Some of this is probably unintentional, like Intel and AMD both having different bugs for sysret with non-canonical x86-64 addresses, making it not safe to use after a ptrace system call could have modified the saved RIP. A potential GP fault can happen in kernel mode after switching to user-stack, handing control of the kernel to another user-space thread from the same process that can modify that stack memory. (https://blog.xenproject.org/2012/06/13/the-intel-sysret-privilege-escalation/) That's why Linux always uses iret except for the common case fast-path where the saved registers are known-clean. The comments in entry_64.S in the kernel source summarize a bit
Atomicity guarantees for unaligned cached loads/stores are weaker on AMD: boundaries as small as 8 bytes can matter on x86-64, because of AMD. Why is integer assignment on a naturally aligned variable atomic on x86? covers the common subset of that.
Cache line size has never been officially standardized. In practice Intel and AMD CPUs use 64-byte lines, and this can be queried at runtime using CPUID the same way on both.

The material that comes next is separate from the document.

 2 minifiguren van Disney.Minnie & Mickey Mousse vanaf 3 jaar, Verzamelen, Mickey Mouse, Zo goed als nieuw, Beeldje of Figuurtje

AFAIK, memory-order rules are identical for WB at least, and probably for other types including WC and intereraction with LFENCE/SFENCE/MFENCE vs. lock add. Although it's not clearly documented by Intel if lock and xchg are intended to be different than mfence. But you're asking about the programming model itself, not just what the docs say on paper. See Does lock xchg have the same behavior as mfence? and What is the difference in logic and performance between LOCK XCHG and MOV+MFENCE?
IDK about AMD, but NT WC loads might reorder with lock add / xchg on Intel (but they're not supposed to with MFENCE, I think, and that's why an Intel ucode update had to strengthen MFENCE on Skylake to block OoO exec like LFENCE's other effect, to prevent later loads from being in the pipe at all.) @Bee's answer on the first link mentions this, and see the bottom of this. When testing real hardware, it's always hard to tell what's future-guaranteed behaviour, and what's merely an implementation detail, and that's where the manuals come in.